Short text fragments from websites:
..............................
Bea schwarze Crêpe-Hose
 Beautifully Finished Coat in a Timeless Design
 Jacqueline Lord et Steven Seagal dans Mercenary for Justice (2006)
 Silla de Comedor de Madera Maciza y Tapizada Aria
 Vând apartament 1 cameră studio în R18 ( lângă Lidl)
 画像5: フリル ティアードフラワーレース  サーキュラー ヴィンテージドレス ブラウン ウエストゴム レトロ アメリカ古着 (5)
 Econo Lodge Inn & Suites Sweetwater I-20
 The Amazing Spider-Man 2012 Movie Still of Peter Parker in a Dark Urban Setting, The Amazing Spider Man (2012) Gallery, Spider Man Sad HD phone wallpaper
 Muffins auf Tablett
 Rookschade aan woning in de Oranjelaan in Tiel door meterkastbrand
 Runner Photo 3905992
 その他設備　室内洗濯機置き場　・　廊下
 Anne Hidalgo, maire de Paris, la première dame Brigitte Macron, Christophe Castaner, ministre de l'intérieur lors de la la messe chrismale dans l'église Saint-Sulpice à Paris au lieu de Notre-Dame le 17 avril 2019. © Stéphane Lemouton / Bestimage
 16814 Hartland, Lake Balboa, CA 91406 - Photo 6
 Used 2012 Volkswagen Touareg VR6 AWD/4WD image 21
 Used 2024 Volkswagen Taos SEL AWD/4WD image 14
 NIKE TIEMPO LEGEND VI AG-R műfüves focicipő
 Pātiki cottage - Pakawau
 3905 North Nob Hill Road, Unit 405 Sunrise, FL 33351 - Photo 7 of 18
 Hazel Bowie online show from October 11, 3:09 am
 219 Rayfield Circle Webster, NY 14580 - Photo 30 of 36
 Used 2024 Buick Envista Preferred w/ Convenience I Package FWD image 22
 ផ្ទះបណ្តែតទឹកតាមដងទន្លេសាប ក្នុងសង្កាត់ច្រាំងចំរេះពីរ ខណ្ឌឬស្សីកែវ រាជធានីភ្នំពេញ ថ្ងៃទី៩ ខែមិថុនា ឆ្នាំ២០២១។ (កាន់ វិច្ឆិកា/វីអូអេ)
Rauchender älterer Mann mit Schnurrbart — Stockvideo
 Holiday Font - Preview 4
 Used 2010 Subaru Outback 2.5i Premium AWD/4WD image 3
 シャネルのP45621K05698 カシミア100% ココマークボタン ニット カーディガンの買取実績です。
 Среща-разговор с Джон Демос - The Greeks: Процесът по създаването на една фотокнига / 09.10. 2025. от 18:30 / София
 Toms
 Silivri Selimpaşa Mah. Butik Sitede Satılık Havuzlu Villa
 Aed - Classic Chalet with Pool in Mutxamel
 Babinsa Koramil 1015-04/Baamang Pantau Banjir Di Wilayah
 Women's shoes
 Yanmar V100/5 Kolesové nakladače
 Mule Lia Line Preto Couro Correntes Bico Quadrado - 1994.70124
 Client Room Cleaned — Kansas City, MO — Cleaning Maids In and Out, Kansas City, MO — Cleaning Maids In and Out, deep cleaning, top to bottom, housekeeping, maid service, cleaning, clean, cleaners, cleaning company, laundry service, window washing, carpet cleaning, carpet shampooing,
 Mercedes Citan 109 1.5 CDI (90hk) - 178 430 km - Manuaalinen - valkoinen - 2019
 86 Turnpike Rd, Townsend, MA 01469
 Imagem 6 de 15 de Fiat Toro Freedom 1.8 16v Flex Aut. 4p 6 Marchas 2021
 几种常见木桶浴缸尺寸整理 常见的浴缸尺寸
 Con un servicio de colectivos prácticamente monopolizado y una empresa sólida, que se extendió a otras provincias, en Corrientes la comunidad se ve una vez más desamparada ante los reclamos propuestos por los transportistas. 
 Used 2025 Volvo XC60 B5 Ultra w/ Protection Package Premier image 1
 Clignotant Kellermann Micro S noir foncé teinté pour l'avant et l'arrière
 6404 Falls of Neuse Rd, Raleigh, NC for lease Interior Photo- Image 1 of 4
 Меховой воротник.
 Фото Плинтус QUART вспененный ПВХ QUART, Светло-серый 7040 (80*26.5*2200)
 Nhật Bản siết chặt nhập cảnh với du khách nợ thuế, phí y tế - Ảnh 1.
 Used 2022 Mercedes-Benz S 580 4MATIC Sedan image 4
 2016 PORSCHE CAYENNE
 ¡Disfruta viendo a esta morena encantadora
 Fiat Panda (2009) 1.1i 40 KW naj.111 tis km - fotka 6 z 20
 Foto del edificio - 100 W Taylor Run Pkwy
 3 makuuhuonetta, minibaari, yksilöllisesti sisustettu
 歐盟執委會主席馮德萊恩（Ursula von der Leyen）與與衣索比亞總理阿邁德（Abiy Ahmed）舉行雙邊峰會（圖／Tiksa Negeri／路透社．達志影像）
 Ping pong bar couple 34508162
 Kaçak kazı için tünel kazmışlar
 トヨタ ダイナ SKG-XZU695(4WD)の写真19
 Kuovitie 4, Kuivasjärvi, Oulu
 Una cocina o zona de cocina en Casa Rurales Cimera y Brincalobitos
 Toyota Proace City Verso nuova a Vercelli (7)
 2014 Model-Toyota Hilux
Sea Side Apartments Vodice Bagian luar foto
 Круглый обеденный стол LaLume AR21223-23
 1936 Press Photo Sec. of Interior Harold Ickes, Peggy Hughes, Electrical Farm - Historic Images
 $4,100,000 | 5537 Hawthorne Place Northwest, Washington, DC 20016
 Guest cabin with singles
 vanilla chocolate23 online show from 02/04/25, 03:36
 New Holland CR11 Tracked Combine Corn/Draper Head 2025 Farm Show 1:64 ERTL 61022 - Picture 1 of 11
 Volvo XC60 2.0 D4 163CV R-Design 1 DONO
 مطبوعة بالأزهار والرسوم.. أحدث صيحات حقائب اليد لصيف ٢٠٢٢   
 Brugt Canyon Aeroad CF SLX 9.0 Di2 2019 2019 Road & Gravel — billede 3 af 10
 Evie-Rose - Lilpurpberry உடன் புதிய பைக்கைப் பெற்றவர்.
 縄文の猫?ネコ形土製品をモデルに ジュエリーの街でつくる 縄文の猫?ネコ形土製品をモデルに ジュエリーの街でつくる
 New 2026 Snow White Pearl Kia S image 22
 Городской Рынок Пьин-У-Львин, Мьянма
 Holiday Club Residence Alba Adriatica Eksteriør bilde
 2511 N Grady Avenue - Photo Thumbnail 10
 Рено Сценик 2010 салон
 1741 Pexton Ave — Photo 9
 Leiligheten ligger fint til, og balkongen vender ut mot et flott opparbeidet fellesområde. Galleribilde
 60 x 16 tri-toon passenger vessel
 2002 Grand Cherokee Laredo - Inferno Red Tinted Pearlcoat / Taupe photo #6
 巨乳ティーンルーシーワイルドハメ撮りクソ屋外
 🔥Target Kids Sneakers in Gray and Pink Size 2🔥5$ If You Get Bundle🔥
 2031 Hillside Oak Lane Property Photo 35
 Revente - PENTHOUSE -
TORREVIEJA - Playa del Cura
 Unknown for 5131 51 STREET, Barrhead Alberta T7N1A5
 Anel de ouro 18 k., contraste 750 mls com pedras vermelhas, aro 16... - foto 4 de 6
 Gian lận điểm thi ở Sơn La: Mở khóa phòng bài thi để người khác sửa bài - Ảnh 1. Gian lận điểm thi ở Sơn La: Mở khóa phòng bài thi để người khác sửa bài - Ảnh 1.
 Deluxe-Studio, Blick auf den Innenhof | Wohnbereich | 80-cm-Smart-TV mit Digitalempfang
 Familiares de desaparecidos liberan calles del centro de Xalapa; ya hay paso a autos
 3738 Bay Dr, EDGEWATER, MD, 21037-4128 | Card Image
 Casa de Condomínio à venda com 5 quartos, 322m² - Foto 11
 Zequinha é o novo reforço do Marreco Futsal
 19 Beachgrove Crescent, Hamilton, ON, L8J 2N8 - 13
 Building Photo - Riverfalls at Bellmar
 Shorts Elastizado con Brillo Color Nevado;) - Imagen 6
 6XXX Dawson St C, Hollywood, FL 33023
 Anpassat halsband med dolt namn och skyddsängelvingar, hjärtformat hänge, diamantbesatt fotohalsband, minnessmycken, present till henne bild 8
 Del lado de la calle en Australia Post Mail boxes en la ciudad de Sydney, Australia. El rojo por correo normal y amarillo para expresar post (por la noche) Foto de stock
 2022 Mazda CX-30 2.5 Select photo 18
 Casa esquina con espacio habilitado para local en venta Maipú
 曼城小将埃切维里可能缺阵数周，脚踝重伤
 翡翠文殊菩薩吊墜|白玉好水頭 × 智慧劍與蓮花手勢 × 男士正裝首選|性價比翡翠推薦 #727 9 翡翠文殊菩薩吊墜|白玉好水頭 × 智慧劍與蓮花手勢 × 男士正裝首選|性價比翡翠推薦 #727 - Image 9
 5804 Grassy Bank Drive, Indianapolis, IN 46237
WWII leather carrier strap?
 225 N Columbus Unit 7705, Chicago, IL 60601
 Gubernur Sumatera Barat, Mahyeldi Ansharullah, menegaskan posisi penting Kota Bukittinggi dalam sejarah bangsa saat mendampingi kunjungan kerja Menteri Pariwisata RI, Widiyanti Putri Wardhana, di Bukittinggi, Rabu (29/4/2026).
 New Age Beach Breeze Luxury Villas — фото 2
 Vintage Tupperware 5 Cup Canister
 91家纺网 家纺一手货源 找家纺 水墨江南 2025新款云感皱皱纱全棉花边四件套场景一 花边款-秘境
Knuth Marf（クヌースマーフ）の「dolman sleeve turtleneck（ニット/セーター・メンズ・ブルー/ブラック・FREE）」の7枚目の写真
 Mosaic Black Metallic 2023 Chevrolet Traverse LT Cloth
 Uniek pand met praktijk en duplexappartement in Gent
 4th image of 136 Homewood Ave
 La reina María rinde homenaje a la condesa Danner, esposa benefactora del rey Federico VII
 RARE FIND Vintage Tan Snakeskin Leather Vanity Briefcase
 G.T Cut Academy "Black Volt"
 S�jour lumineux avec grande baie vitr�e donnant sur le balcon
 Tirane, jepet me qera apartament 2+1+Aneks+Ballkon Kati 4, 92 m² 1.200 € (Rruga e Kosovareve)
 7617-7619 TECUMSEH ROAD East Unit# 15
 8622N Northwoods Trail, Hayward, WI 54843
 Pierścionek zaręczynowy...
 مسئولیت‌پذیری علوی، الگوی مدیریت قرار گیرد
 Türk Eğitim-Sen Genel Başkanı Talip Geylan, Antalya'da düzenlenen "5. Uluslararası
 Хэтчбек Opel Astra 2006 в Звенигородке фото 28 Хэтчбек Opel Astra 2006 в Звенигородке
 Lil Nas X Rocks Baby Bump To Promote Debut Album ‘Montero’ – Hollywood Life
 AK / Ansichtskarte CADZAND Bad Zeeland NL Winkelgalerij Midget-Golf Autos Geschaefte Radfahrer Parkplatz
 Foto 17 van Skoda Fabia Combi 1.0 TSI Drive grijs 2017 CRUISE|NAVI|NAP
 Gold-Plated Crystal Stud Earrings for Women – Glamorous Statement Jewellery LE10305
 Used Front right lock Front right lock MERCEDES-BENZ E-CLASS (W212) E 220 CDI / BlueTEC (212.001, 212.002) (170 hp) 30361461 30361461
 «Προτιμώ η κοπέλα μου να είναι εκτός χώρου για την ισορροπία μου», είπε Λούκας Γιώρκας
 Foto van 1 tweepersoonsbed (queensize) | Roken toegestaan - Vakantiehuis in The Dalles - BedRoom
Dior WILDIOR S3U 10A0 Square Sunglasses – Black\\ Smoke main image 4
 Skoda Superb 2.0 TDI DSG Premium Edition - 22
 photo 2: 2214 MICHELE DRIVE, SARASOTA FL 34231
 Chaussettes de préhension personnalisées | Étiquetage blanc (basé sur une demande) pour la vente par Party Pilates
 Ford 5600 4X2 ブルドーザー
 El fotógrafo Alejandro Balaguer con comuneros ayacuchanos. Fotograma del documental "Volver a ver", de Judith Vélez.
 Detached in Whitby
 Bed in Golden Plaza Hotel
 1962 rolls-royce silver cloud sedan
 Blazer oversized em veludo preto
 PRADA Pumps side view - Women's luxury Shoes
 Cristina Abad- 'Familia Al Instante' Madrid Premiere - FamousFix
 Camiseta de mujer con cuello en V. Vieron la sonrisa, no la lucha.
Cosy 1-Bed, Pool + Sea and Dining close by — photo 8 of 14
..............................
▶ WHAT IS REQUIRED
Your answer should consist of the lines from the line with "Foto 17 van" to the line with "Used Front right" above, repeated exactly, both ends included.

▶ WORKED SOLUTION
 Foto 17 van Skoda Fabia Combi 1.0 TSI Drive grijs 2017 CRUISE|NAVI|NAP
 Gold-Plated Crystal Stud Earrings for Women – Glamorous Statement Jewellery LE10305
 Used Front right lock Front right lock MERCEDES-BENZ E-CLASS (W212) E 220 CDI / BlueTEC (212.001, 212.002) (170 hp) 30361461 30361461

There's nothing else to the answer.